10. Know all existence to be the Intellect only; which is extended as an unreal vacuity; therefore sit silent in the empty space of the Intellect, wherein all things are extinct as nothing. (The reality of the Divine Mind, containing the ideal world which appears as a reality).

11. Whenever the idea of ego comes to occur in the mind, it should be put down immediately by its negative idea of the non-ego or that I am nothing.

12. Let the conviction of the non-ego supplant that of the ego, as a meaningless term, or as untrue as empty air, or a flower of the aerial arbour; and being fixed as an arrow in the bow-string of holy meditation, strive to hit at the mark of the Divine Essence.

13. Know always your ideas of ego & tu—I and thou, to be as unreal as empty air; and being freed from the false idea of every other thing, get over quickly across the delusive ocean of the world.

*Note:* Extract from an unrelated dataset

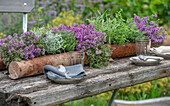 Verschiedene Kräuter beim Eintopfen in Blumenkasten aus Baumrinde, blühender Thymian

14. Say how is it possible for that senseless and beastly man, to attain to the highest state of divine perfection, who is unable to overcome his natural prejudice of egoism.

15. He who has been able by his good understanding, the sixfold beastly appetites of his nature; is capable of receiving the knowledge of great truths; and no other asinine man in human shape.

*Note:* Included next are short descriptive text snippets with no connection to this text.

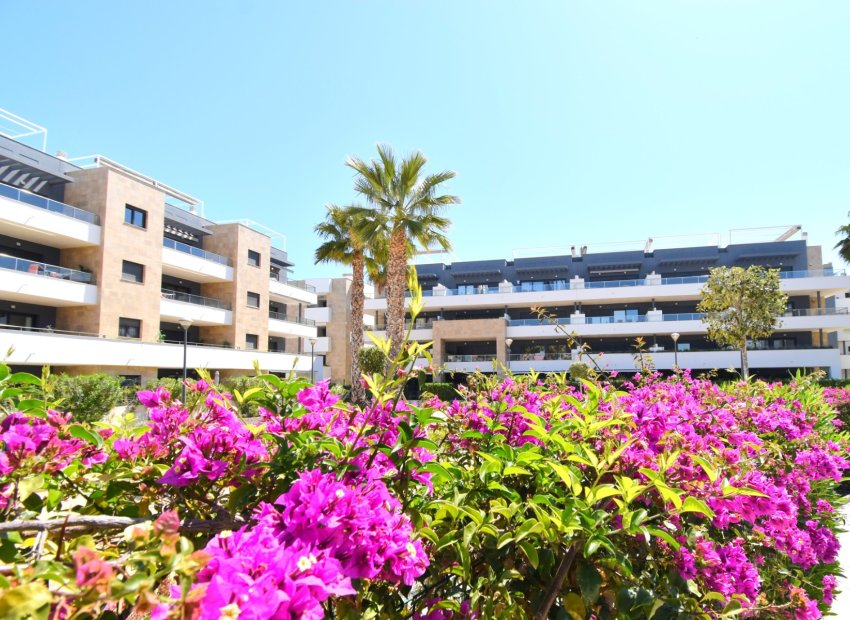 Herverkoop - Apartments - Flats - Orihuela Costa - Playa Flamenca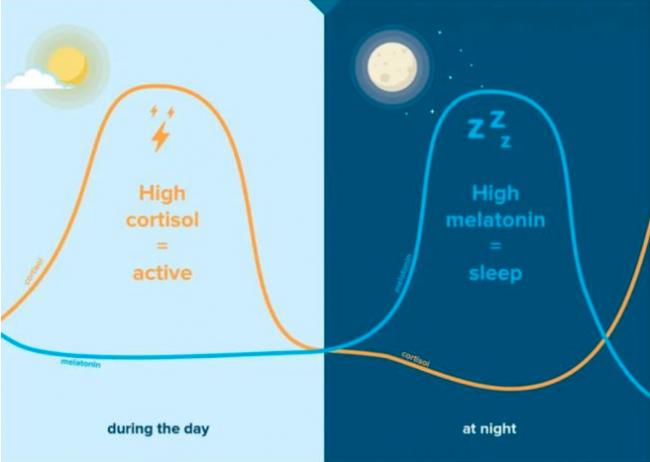 睡前运动到底是助眠还是扰眠?关键在这 睡前运动到底是助眠还是扰眠?关键在这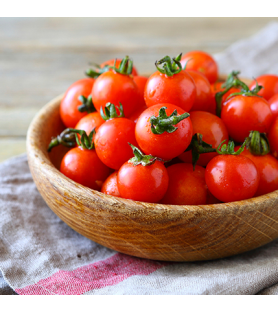 Fresh Tomato Flavour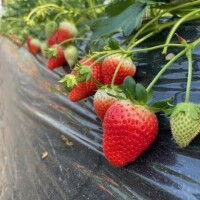 おはようございます🌞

16. He who has weakened and overcome the inborn feelings of his mind, becomes the receptacle of all virtue and knowledge, and is called a man in its proper sense of the word.

17. Whatever dangers may threaten you on rocks and hills and upon the sea, you may escape from the same by thinking that they cannot injure your inward soul, though they may hurt the flesh.

18. Knowing that your egoism is nothing in reality, except your false conception of it, why then do you allow yourself to be deluded by it, like the ignorant who are misled by their phrenzy?

19. There is nothing (no ego) here, that is known to us in its reality; all our knowledge is erroneous as that of an ornament in gold (and springs from the general custom of calling it so), so is our knowledge of the ego which we know not what, and may be lost by our forgetfulness of it. (So the different names and shapes of golden ornaments being forgotten, we see the substance of gold only common in all of them).